In a complaint filed in Delaware Chancery Court, Och said James Levin was paid $145.8 million in 2021, more than most other CEOs including Apple's Tim Cook, Goldman Sachs' David Solomon and JPMorgan Chase's Jamie Dimon.

Och said Sculptor's annual revenue of $626 million "cannot possibly justify" making his protege the country's 14th highest-paid CEO, while the firm's stock price lags many peers and its funds suffer from "less than mediocre" performance.

According to the complaint by Och and four of Sculptor's other "original and largest shareholders," Levin's pay was 17.7 times the median of Sculptor's peers, as measured by proxy advisory firm Institutional Shareholder Services.

The lawsuit seeks books and records concerning Levin's pay, to assess whether there were breaches of fiduciary duty related to mismanagement and waste, and whether Sculptor's board was truly independent.

According to an April regulatory filing, Levin and Och are among Sculptor's largest shareholders, and controlled a respective 20.2% and 14.4% of its voting power.

Sculptor said Levin deserved pay that is "more competitive" with that of privately held alternative asset managers.

Sculptor and an outside spokesman were not immediately available for comment after market hours.

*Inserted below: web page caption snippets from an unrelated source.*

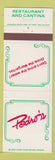 Matchbook Cover - Pedro's Cantina Restaurant Hamilton Oxford OH Richmond IN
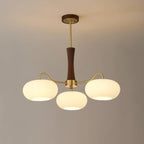 Persimmon Wooden Brass Ceiling Suspension Lighting Lobby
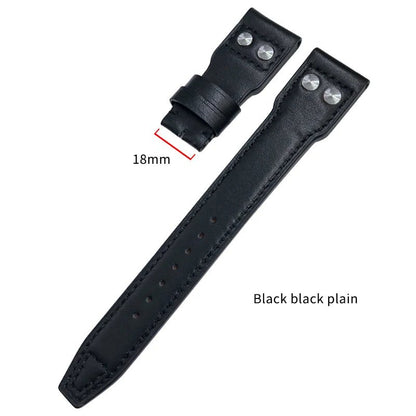 High Quality Real Leather Rivets Watchband Fit for IWC SPITFIRE Big Pilot's Watch TOP GUN IW5009 Cowhide Strap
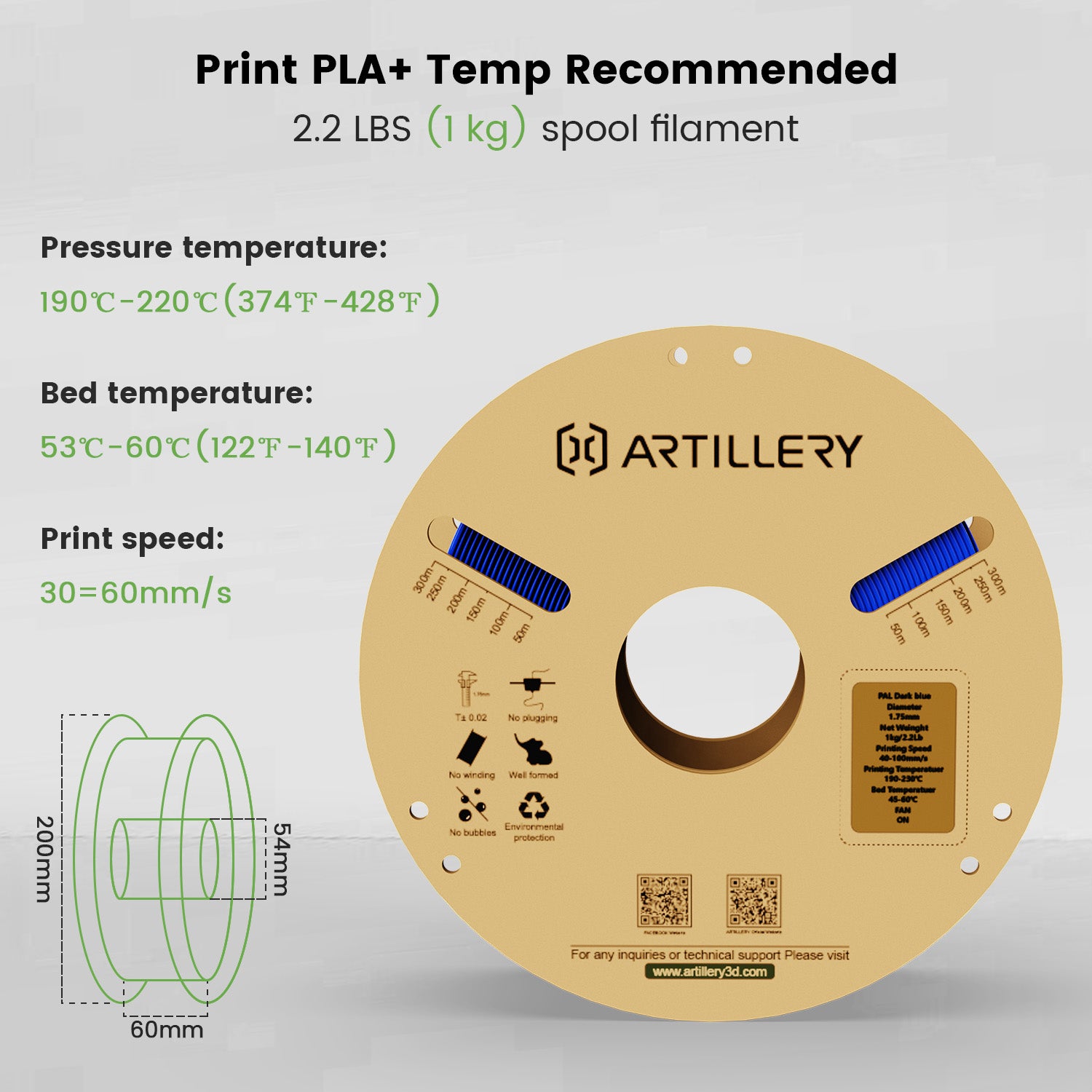 Filamento de impresora 3D PLA 1.75mm 2KG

The lawsuit was reported earlier by the Financial Times. Och is worth $3.9 billion, according to Forbes magazine.

Once known as Och-Ziff Capital Management, Sculptor is one of only a handful of publicly traded hedge fund companies, overseeing about $36.8 billion of assets as of July 1.

Its stock price has fallen 56% this year, leaving it with a market value of about $552 million, according to Refinitiv.

Levin, who is known as Jimmy, joined Sculptor in 2006, and became CEO last year. He is also the New York-based firm's chief investment officer.

One Sculptor director, Morgan Rutman, resigned early this year in protest over Levin's pay.

Sculptor changed its name in 2019, three years after Och-Ziff reached a $412 million settlement of U.S. probes into alleged bribery to win business in five African countries.

The case is Och et al v Sculptor Capital Management Inc, Delaware Chancery Court, No. 2022-0748.